I think this three-part version of Pet Sematary produced by BBC radio in 1997 is better than the movie. I’ve never read the book (one of the very few Stephen King books I haven’t read), but this adaptation seems closer to the feel of a Stephen King book than the movie. I don’t know about you, but movie special effects have got nothin on my imagination.
In honor of my upcoming birthday (next Monday), I’m featuring my absolute, hands-down favorite old time radio episode of all time – “Sorry, Wrong Number” from my all-time favorite radio show, Suspense.
This episode features Agnes Moorehead (You probably know her as Samantha’s interfering mother, Endora, from Bewitched) as a sickly woman who overhears a menacing telephone conversation. That’s all I’m going to tell you. I don’t want to spoil it.
This episode originally aired August 21, 1943 and was repeated several times throughout the twenty years Suspense was on the air.
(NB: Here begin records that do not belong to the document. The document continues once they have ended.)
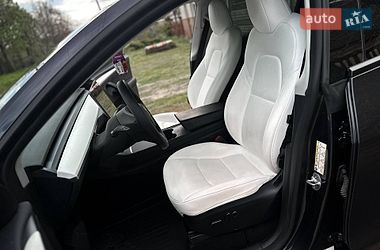 Внедорожник / Кроссовер Tesla Model Y 2024 в Днепре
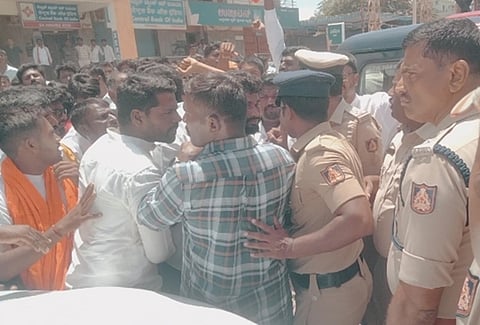 ಗಲಾಟೆಯಲ್ಲಿ ಭಾಗವಹಿಸಿದ್ದವರನ್ನು ವಶಕ್ಕೆ ಪಡೆಯುತ್ತಿರುವ ಪೊಲೀಸರು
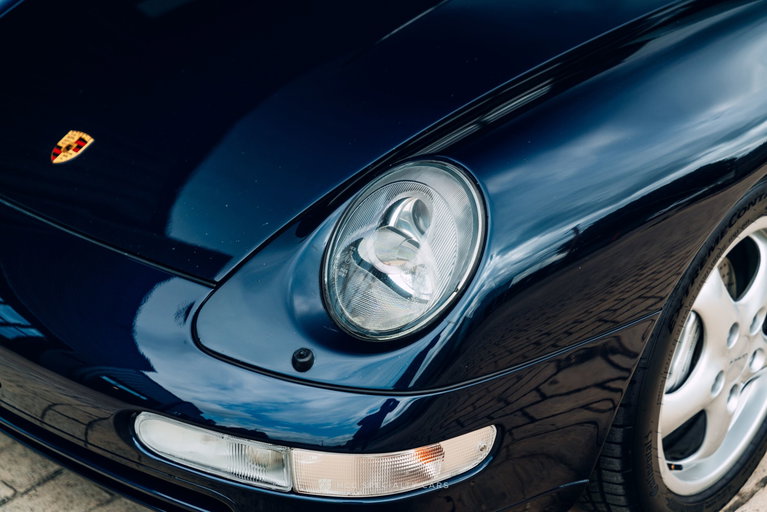 Porsche 993 Carrera 4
The story, by Lucille Fletcher, was turned into a 1948 movie starring Barbara Stanwyck (one of a my favorite sass-mouthed dames). The radio show is far superior, in my opinion, due to the restrictions of the medium. It makes it so much scarier to not be able to see anything that’s happening…
Little Orphan Annie started out as a newspaper comic strip in the 1920s and jumped into radio in 1930 in Chicago. It was one of the few programs aimed at children in radio’s early days and was wildly popular.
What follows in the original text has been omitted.